Stored items:
========

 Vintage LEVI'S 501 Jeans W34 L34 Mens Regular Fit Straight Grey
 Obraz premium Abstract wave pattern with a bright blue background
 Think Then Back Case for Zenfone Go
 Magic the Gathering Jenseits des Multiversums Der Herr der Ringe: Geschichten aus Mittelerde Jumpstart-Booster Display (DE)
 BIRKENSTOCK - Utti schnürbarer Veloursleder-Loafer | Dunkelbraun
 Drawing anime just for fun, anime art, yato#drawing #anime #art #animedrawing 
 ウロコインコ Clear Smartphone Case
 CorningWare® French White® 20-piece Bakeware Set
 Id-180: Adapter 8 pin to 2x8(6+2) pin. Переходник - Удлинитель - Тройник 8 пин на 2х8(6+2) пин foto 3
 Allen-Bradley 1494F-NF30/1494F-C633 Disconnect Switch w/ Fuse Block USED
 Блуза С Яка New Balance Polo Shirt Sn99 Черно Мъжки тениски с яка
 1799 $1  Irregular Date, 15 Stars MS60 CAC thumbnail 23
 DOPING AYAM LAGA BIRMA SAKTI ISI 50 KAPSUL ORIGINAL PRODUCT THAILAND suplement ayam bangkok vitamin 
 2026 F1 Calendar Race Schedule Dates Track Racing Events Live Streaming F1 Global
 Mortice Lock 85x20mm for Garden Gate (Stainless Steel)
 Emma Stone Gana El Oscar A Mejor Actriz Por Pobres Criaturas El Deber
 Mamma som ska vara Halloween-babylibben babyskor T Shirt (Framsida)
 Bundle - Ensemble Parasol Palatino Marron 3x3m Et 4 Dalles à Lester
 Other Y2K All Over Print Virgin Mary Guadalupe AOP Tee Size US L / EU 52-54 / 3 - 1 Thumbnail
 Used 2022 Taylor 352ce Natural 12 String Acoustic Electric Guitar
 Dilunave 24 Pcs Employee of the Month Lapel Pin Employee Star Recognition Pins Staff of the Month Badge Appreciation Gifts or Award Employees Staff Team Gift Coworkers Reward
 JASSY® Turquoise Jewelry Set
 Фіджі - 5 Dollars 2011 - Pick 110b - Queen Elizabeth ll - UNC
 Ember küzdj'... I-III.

========

» **Your goal**:
Reproduce all entries exactly, leaving each one whole.

» **Solution**:
 Vintage LEVI'S 501 Jeans W34 L34 Mens Regular Fit Straight Grey
 Obraz premium Abstract wave pattern with a bright blue background
 Think Then Back Case for Zenfone Go
 Magic the Gathering Jenseits des Multiversums Der Herr der Ringe: Geschichten aus Mittelerde Jumpstart-Booster Display (DE)
 BIRKENSTOCK - Utti schnürbarer Veloursleder-Loafer | Dunkelbraun
 Drawing anime just for fun, anime art, yato#drawing #anime #art #animedrawing 
 ウロコインコ Clear Smartphone Case
 CorningWare® French White® 20-piece Bakeware Set
 Id-180: Adapter 8 pin to 2x8(6+2) pin. Переходник - Удлинитель - Тройник 8 пин на 2х8(6+2) пин foto 3
 Allen-Bradley 1494F-NF30/1494F-C633 Disconnect Switch w/ Fuse Block USED
 Блуза С Яка New Balance Polo Shirt Sn99 Черно Мъжки тениски с яка
 1799 $1  Irregular Date, 15 Stars MS60 CAC thumbnail 23
 DOPING AYAM LAGA BIRMA SAKTI ISI 50 KAPSUL ORIGINAL PRODUCT THAILAND suplement ayam bangkok vitamin 
 2026 F1 Calendar Race Schedule Dates Track Racing Events Live Streaming F1 Global
 Mortice Lock 85x20mm for Garden Gate (Stainless Steel)
 Emma Stone Gana El Oscar A Mejor Actriz Por Pobres Criaturas El Deber
 Mamma som ska vara Halloween-babylibben babyskor T Shirt (Framsida)
 Bundle - Ensemble Parasol Palatino Marron 3x3m Et 4 Dalles à Lester
 Other Y2K All Over Print Virgin Mary Guadalupe AOP Tee Size US L / EU 52-54 / 3 - 1 Thumbnail
 Used 2022 Taylor 352ce Natural 12 String Acoustic Electric Guitar
 Dilunave 24 Pcs Employee of the Month Lapel Pin Employee Star Recognition Pins Staff of the Month Badge Appreciation Gifts or Award Employees Staff Team Gift Coworkers Reward
 JASSY® Turquoise Jewelry Set
 Фіджі - 5 Dollars 2011 - Pick 110b - Queen Elizabeth ll - UNC
 Ember küzdj'... I-III.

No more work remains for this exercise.